Web page caption snippets
------------
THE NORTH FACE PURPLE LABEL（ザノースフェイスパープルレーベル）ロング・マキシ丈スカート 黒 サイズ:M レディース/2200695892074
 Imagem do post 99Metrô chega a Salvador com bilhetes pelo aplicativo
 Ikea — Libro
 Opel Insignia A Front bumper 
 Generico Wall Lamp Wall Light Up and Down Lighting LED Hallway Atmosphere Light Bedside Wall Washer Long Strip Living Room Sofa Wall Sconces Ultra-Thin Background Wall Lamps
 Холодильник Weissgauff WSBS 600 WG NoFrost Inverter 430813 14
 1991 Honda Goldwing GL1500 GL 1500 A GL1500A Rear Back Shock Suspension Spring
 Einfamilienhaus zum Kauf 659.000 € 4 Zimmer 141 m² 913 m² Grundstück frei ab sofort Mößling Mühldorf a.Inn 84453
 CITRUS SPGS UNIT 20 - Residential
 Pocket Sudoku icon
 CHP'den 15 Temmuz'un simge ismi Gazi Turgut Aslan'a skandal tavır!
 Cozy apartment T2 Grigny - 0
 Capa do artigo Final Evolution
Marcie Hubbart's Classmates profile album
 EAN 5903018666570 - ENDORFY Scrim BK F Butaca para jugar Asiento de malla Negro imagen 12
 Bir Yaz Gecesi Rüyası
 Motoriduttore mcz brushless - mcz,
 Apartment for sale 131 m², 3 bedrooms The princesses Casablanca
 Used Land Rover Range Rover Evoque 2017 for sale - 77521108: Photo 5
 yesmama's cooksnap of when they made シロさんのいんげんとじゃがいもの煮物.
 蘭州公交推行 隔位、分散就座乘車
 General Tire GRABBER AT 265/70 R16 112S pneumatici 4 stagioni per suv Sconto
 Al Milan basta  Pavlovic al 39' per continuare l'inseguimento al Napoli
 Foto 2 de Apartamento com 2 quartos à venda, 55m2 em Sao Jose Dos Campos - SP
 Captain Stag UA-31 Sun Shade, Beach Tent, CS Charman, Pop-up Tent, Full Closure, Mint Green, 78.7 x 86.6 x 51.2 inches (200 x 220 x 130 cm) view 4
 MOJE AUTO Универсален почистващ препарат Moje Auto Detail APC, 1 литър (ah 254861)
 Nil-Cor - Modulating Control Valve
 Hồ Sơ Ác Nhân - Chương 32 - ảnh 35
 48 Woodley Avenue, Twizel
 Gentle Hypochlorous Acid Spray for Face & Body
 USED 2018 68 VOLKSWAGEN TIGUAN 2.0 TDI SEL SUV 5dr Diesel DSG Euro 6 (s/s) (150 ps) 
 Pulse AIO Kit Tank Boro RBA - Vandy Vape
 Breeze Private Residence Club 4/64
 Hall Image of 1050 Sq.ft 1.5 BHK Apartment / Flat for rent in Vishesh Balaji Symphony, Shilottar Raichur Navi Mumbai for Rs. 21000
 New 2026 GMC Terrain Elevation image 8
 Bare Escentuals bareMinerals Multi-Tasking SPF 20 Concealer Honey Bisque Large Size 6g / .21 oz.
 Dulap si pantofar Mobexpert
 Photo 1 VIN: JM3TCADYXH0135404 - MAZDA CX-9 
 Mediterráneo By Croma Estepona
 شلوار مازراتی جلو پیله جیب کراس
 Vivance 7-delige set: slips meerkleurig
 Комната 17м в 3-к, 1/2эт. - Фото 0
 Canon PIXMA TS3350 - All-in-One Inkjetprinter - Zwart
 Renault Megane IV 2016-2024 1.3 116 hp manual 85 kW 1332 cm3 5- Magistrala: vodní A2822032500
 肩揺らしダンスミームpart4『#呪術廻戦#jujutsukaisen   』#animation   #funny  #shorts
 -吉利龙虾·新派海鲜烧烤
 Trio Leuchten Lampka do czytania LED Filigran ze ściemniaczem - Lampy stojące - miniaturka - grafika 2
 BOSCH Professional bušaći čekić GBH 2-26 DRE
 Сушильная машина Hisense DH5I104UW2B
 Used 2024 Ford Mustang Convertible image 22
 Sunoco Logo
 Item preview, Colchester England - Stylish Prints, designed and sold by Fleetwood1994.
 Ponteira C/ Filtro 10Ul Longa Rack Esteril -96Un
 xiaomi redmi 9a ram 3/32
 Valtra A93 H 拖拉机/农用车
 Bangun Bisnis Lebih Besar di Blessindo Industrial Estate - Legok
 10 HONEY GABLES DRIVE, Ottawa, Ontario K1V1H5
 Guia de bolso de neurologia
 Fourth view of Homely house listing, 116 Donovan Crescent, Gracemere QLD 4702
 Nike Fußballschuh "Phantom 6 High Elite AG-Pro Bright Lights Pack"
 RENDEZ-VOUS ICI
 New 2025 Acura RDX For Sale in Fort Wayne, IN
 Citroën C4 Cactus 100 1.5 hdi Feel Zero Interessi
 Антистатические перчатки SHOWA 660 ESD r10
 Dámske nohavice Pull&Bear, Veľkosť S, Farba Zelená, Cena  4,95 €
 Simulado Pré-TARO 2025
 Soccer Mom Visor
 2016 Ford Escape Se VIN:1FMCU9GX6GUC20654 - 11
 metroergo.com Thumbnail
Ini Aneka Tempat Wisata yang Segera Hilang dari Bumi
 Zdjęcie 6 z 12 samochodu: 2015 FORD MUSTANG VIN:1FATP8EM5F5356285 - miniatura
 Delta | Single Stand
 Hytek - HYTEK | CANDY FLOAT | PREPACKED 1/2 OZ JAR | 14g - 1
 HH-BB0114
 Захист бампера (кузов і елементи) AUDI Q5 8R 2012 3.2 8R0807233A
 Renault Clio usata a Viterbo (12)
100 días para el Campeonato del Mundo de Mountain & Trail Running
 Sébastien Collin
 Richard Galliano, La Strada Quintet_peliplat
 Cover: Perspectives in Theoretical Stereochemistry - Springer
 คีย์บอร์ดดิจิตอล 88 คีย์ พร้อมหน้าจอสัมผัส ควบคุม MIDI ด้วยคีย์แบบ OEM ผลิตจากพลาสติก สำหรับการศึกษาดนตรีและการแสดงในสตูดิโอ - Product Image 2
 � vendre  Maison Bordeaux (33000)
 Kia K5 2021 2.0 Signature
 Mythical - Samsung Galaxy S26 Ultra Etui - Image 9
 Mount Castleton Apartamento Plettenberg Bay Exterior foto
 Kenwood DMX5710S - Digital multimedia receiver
------------
▸ Task requirements
What you give back should be only the lines of the records above, starting at the line with "Dulap si pantofar Mobexpert" and ending at the line with "-吉利龙虾·新派海鲜烧烤", restated word for word.

▸ Answer section
 Dulap si pantofar Mobexpert
 Photo 1 VIN: JM3TCADYXH0135404 - MAZDA CX-9 
 Mediterráneo By Croma Estepona
 شلوار مازراتی جلو پیله جیب کراس
 Vivance 7-delige set: slips meerkleurig
 Комната 17м в 3-к, 1/2эт. - Фото 0
 Canon PIXMA TS3350 - All-in-One Inkjetprinter - Zwart
 Renault Megane IV 2016-2024 1.3 116 hp manual 85 kW 1332 cm3 5- Magistrala: vodní A2822032500
 肩揺らしダンスミームpart4『#呪術廻戦#jujutsukaisen   』#animation   #funny  #shorts
 -吉利龙虾·新派海鲜烧烤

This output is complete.